A Decision Tree recursively **partitions** the feature space using axis-aligned splits.
At each internal node the algorithm greedily selects the *(feature, threshold)* pair
that produces the greatest **Information Gain**.

---

### Entropy

Entropy measures the **impurity** of a label set \(S\):

$$H(S) = -\sum_{c \,\in\, \mathcal{C}} p_c \log_2 p_c$$

where \(p_c\) is the fraction of samples belonging to class \(c\).

- \(H = 0\): **perfectly pure** node (all labels identical)
- \(H = 1\): **maximally impure** node (uniform binary distribution)

---

### Information Gain

Information Gain quantifies the **reduction in entropy** achieved by splitting on feature \(A\):

$$\text{IG}(S, A) = H(S) - \sum_{v \,\in\, \text{values}(A)} \frac{|S_v|}{|S|}\, H(S_v)$$

The algorithm exhaustively searches all *(feature, threshold)* pairs and selects the one
that **maximises** \(\text{IG}\).

---

### Recursive Tree Growth

The `_grow_tree` method calls itself on each child partition until a stopping criterion fires:

| Criterion | Meaning |
|:----------|:--------|
| `depth >= max_depth` | Cap tree height to prevent overfitting |
| `n_samples < min_samples_split` | Not enough data to split further |
| All labels identical | Node is already pure, no split needed |

In [None]:
class Node:
    """A single node in the decision tree.

    Attributes
    ----------
    feature_idx : int or None
        Column index of the splitting feature (None for leaf nodes).
    threshold : float or None
        Split value: left branch if feature <= threshold (None for leaves).
    left : Node or None
        Left child subtree (samples where feature <= threshold).
    right : Node or None
        Right child subtree (samples where feature > threshold).
    value : int or None
        Majority-class label stored at leaf nodes (None for internal nodes).
    """

    def __init__(
        self,
        feature_idx: Optional[int] = None,
        threshold: Optional[float] = None,
        left: Optional["Node"] = None,
        right: Optional["Node"] = None,
        *,
        value: Optional[int] = None,
    ) -> None:
        self.feature_idx = feature_idx
        self.threshold = threshold
        self.left = left
        self.right = right
        self.value = value

    def is_leaf(self) -> bool:
        """Return True when this node holds a class prediction."""
        return self.value is not None


class DecisionTreeScratch:
    """Binary Decision Tree Classifier built with Entropy and Information Gain.

    Parameters
    ----------
    max_depth : int
        Maximum allowed depth of the tree (prevents overfitting).
    min_samples_split : int
        Minimum number of samples required to attempt a split.
    """

    def __init__(self, max_depth: int = 10, min_samples_split: int = 2) -> None:
        self.max_depth = max_depth
        self.min_samples_split = min_samples_split
        self.root: Optional[Node] = None

    # Public API

    def fit(self, X: np.ndarray, y: np.ndarray) -> "DecisionTreeScratch":
        """Build the decision tree from training data.

        Parameters
        ----------
        X : np.ndarray, shape (n_samples, n_features)
        y : np.ndarray, shape (n_samples,)
        """
        self.root = self._grow_tree(X, y, depth=0)
        return self

    def predict(self, X: np.ndarray) -> np.ndarray:
        """Predict class labels for every sample in X.

        Parameters
        ----------
        X : np.ndarray, shape (n_samples, n_features)

        Returns
        -------
        np.ndarray, shape (n_samples,)
        """
        return np.array([self._traverse(x, self.root) for x in X])

    # Private helpers

    def _entropy(self, y: np.ndarray) -> float:
        """Compute the Shannon entropy of a label vector.

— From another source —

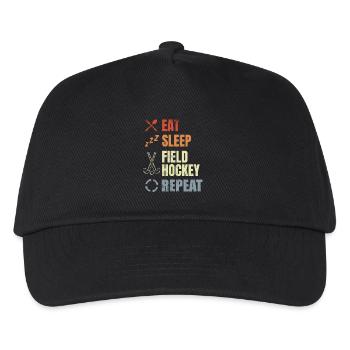 Eat Sleep Field Hockey Replay - Kids’ Baseball Cap - black - Front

        H(S) = -sum_c  p_c * log2(p_c)
        """
        n = len(y)
        if n == 0:
            return 0.0
        counts = np.bincount(y)
        # Mask zero-count classes to avoid log(0) = -inf
        probs = counts[counts > 0] / n          # (n_nonzero_classes,)
        return float(-np.sum(probs * np.log2(probs)))

    def _information_gain(
        self, y: np.ndarray, left_mask: np.ndarray
    ) -> float:
        """Compute Information Gain for a binary split defined by left_mask.

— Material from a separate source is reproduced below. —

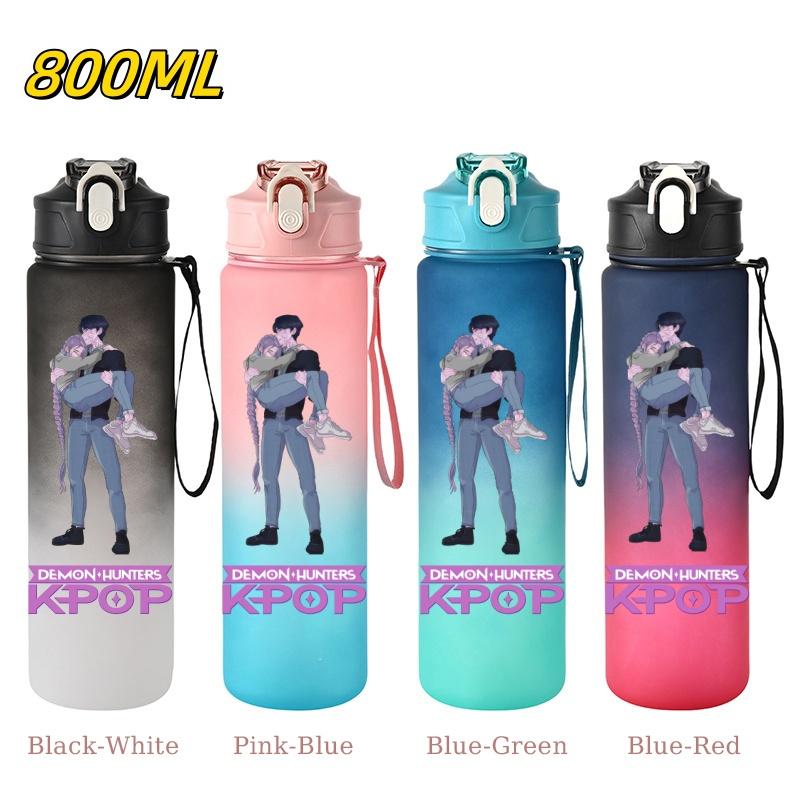 800ML KPop Demon Hunters Gradient Cartoon Print Large Capacity Straw Water Cup Outdoor Portable Sports Drink Bottles Travel Mug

        IG = H(parent) - weighted_avg(H(left), H(right))
        """
        n = len(y)
        n_left = int(left_mask.sum())
        n_right = n - n_left

        # A trivial split (all samples on one side) yields zero gain
        if n_left == 0 or n_right == 0:
            return 0.0

        parent_h = self._entropy(y)
        left_h = self._entropy(y[left_mask])
        right_h = self._entropy(y[~left_mask])

        weighted_child_h = (n_left / n) * left_h + (n_right / n) * right_h
        return parent_h - weighted_child_h

    def _best_split(
        self, X: np.ndarray, y: np.ndarray
    ) -> Tuple[Optional[int], Optional[float]]:
        """Exhaustively search all (feature, threshold) pairs for the best split.

        Returns
        -------
        best_feature_idx : int or None
        best_threshold   : float or None
        """
        best_gain: float = -1.0
        best_feature: Optional[int] = None
        best_threshold: Optional[float] = None

        n_features = X.shape[1]

        for feature_idx in range(n_features):
            column = X[:, feature_idx]  # (n_samples,)
            thresholds = np.unique(column)  # candidate split values

            for threshold in thresholds:
                left_mask = column <= threshold  # (n_samples,) boolean mask
                gain = self._information_gain(y, left_mask)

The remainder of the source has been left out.